AIM OF THE TASK: Please write out the listing exactly, leaving each picture out.

──────

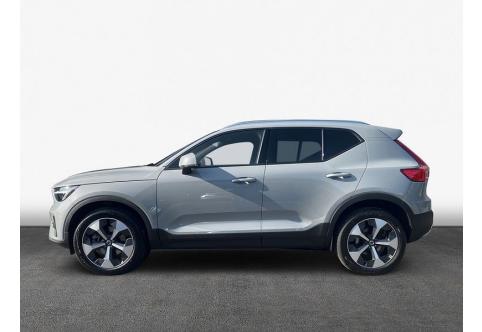 Volvo XC40 #4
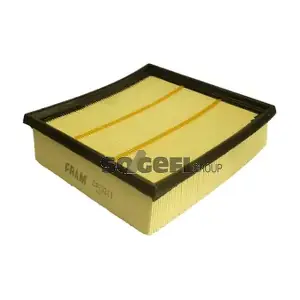 FRAM CA10211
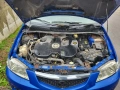 Mazda Premacy 2.0ditd цяла или на части , снимка 4
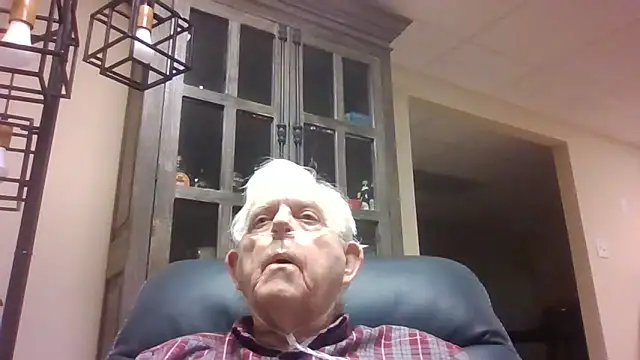 bootlegmanz online show from 14, 2, 2026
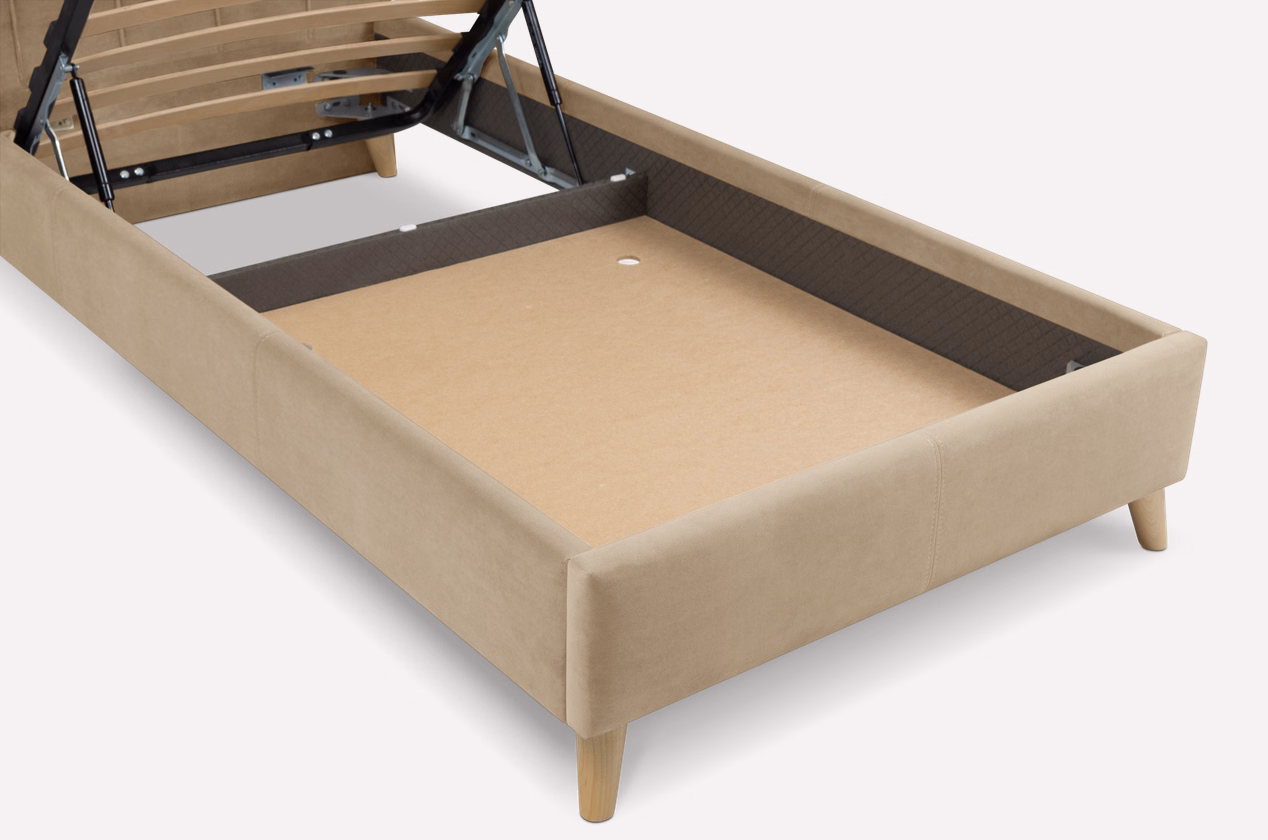Изображение 739053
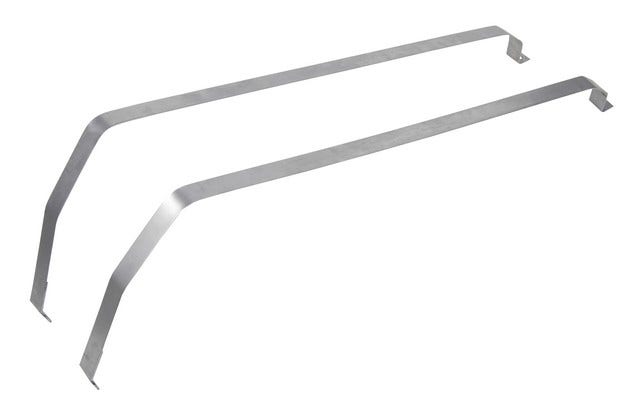 Spectra Premium Fuel Tank Strap P/N:St222  Fuel Tank Strap P/N:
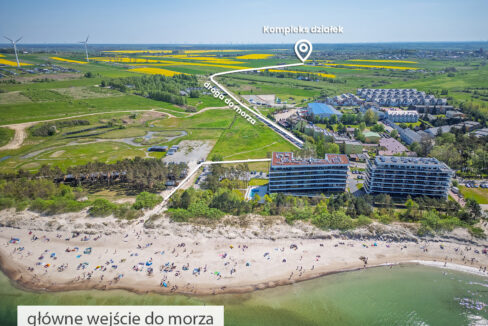 glowne-wejscie-do-morza-darlowko-2-loka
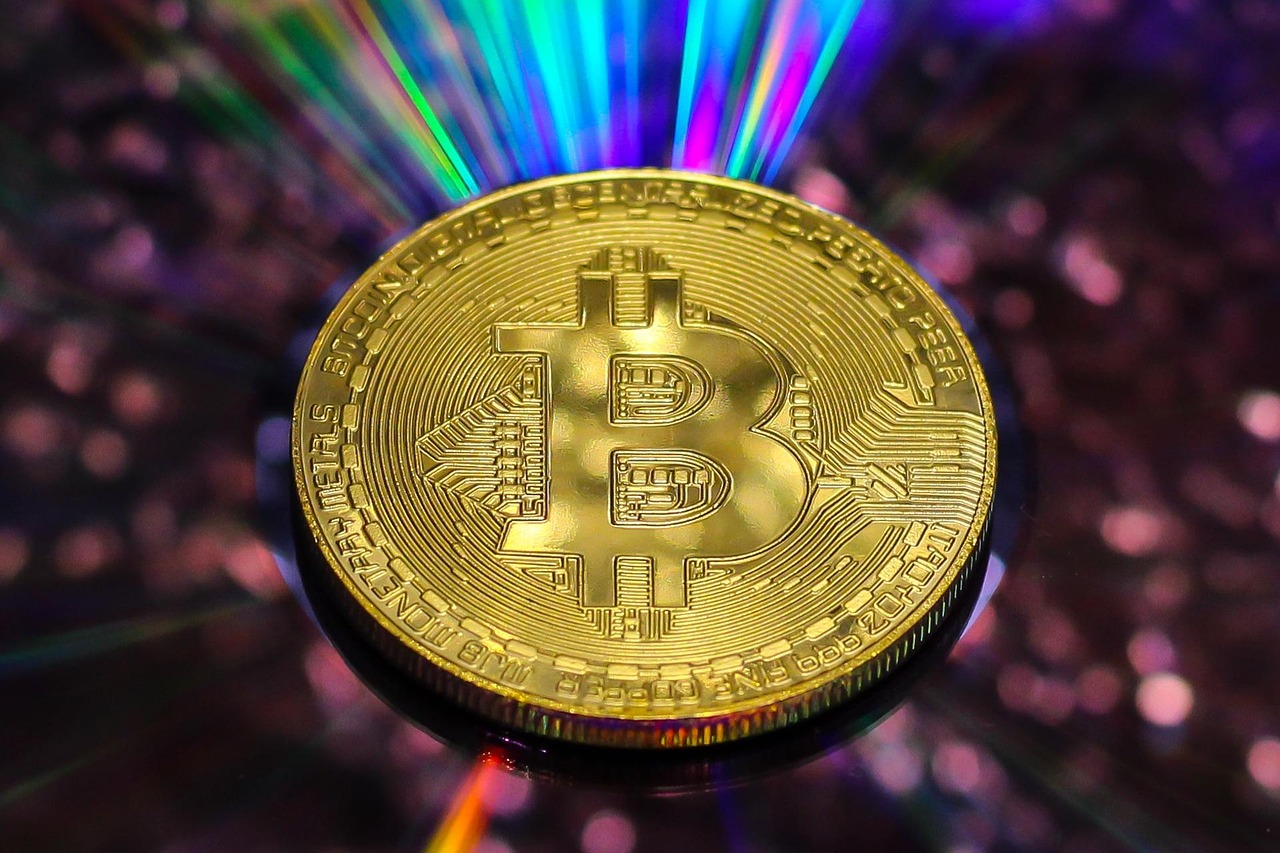 DWF Labs投资川普加密货币WLFI！支持机构级稳定币USD1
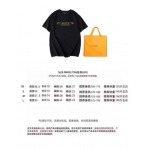 2025年9月9日入荷秋冬新作Louis Vuitton半袖 tシャツ高品質人気商品/誕生日プレゼント/FF工場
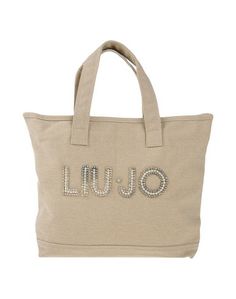 Сумка на руку Liu Jo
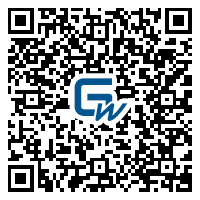QR code for this page URL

──────

COMPLETED EXERCISE:
 Volvo XC40 #4
 FRAM CA10211
 Mazda Premacy 2.0ditd цяла или на части , снимка 4
 bootlegmanz online show from 14, 2, 2026
Изображение 739053
 Spectra Premium Fuel Tank Strap P/N:St222  Fuel Tank Strap P/N:
 glowne-wejscie-do-morza-darlowko-2-loka
 DWF Labs投资川普加密货币WLFI！支持机构级稳定币USD1
 2025年9月9日入荷秋冬新作Louis Vuitton半袖 tシャツ高品質人気商品/誕生日プレゼント/FF工場
 Сумка на руку Liu Jo
QR code for this page URL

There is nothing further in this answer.